His comments at a news conference were his most detailed remarks on the Middle East since last week's victory of the rightest Likud Party in Israel's election. Carter's statements also came after two days of White House meetings with Crown Prince Fahd and other Leaders of Saudi Arabia.
Saudi leaders, it was learned, informed Carter and other U.S. officials that their oil prices are likely to rise by about 5 per cent by the end of the year to match the levels of other oil-producing states, thus restoring the unity of the Organization of Petroleum Exporting Countries (OPEC).
While Fahd would not confirm this plan in an interview with Arabia is "deeply interested" in restoring OPEC unity. Oil Minister Zaki Yamani told reporters he would not rule out such a price rise.

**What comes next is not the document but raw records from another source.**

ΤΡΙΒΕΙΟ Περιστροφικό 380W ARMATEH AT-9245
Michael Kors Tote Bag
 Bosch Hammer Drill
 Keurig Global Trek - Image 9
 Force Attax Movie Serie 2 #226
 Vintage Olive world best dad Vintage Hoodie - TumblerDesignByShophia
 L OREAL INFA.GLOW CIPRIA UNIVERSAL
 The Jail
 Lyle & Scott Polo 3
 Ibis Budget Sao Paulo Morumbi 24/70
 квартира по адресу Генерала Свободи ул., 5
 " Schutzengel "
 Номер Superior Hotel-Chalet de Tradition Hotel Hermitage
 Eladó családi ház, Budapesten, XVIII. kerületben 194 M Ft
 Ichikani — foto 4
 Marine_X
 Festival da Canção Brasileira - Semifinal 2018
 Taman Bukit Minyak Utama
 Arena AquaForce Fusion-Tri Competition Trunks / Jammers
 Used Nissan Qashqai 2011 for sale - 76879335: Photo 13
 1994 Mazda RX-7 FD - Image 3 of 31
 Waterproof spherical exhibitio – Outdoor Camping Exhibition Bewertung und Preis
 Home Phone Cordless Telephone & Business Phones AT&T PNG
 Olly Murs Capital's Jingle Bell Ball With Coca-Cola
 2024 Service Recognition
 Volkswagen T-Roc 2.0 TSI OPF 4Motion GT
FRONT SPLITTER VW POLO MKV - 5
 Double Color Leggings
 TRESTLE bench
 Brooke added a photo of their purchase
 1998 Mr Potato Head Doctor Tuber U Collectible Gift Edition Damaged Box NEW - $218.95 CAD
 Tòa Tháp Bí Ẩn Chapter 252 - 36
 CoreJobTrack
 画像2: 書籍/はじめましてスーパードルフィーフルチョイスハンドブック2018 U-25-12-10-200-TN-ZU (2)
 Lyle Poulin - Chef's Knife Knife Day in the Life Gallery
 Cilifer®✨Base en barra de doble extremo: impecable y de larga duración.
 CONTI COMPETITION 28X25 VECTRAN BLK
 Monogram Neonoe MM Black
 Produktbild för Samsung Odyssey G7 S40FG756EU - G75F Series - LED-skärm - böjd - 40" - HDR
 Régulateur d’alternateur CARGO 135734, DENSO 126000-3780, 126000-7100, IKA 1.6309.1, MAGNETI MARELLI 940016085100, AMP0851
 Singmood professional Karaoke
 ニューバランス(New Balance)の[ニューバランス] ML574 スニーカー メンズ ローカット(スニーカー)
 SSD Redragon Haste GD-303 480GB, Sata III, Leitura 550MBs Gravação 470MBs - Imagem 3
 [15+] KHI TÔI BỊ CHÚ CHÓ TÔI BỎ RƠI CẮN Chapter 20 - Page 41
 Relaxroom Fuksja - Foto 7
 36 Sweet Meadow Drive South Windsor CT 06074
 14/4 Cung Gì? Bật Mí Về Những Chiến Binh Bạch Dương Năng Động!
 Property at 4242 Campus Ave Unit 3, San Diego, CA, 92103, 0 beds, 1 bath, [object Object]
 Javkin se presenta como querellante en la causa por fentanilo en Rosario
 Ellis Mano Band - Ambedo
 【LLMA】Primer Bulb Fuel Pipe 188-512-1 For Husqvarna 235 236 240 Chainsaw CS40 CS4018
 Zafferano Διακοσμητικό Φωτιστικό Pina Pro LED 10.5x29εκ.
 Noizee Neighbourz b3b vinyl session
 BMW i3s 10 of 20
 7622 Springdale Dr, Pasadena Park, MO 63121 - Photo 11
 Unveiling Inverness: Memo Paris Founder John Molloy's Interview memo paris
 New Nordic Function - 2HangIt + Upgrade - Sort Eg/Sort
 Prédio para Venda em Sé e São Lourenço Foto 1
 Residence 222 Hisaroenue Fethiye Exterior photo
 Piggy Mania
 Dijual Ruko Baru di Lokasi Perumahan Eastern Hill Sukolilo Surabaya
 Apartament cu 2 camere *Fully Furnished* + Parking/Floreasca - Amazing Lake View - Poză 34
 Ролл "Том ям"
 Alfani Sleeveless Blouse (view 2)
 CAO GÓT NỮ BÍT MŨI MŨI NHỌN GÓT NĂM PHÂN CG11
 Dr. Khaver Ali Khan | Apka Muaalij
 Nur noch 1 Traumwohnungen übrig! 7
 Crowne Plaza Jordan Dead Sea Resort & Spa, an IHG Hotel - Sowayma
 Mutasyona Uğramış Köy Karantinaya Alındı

Fahd said Carter's initiative in meeting Arab and Israeli leaders is "greatly acceptable" in facilitating the search for peace. "I am more convinced than ever before that President Carter does possess the wisdom and the ability to deal with the subject equitable way and of course based on justice," Fahd said.
Carter told his news conference that the Israeli election outcome and the probable coming to power of Manachem Begin, "does create a question" about the chances for peace. But the President said he had already detected some moderation in Begin's views since last week, and expressed the hope that the shift will continue as Begin meets Carter, congressional leaders and American Jews.
The surprise endorsement by Carter of compensation for the Palestinians adds a new element to the Middle East situation. Although Carter said that every U.S. administration of recent years has endorsed "the right of the Palestinians to have a homeland, to be compensated for losses that they have suffered," no documentation could be produced for that claim by executive branch officials.
A White House statement late yesterday said the United States had endorsed a homeland for the Palestinians by approving U.N. General Assembly Resolution 181 in November, 1947, providing for the partition of Palestinians by voting for U.N. General Assembly Resolution 194 in December, 1948.
Israel has rejected resolution 194, which includes a call for displaced Palestinians to be permitted to return to their to their homes and receive compensation for losses or damage to property. However, a number of Israeli political figures have endorsed payments to Palestinians wishing to resettle in other countries.
In recent years the United States has shied away from setting forth its view of the details of a potential Arab-Israeli settlement in the belief that the arguments involved would make diplomacy more difficult.
Carter's discussion of compensation and his reiteration of other elements or a settlement - including Israeli withdrawal from Arab territory - are part of his general effort to place all facets of a potential settlement on the negotiating agenda in the public view, officials said.
However, Carter refused to be specific about his views on the lines of a potential Israeli withdrawal, saying this is something that will have to be negotiated between the parties.
Fahd, in an interview at Blair House, said he is optimistic that a Gevena peace conference can be convened this year despite the new uncertainty arising from the Israeli election.
"In order for the Geneva conference to succeed, it is inevitable that the Palestine Liberation Organization would have to attend," Fahd said. He said the PLO "should" attend in its own capacity, but did not close the door to other types of representation.
Explaining Carter's remarks Wednesday the Fahd wished to reassure Israel about Saudi Arabi's interest in its security, Fahd said he had been speaking in the context of a final settlement including Israeli withdrawal and the return of Palestinians to a homeland.
"Once Israel carries out its side of the bargains, so to speak, of course the Arabs will go along," he said.
Yamani told the reporters in a separate interview that Saudi officials had discussed the Carter plan for a billion barrel petroleum reserve with presidential energy adviser James R. Schlesinger. "The question is whether we would be able to meet your requirements," Yamani said. At another point he said, "This has to be discussed as part of a future meeting. There was a request."
Speaking of the energy projections made public by Carter in connection with his conservation plan, Yamani said, "We agree that unless something very significant is done, the world do nothing we will face a disaster."
Yamani said "there is a fundamental change" between the energy policy of the Ford and Carter administrations. "We feel the present administration is looking for solutions," he said.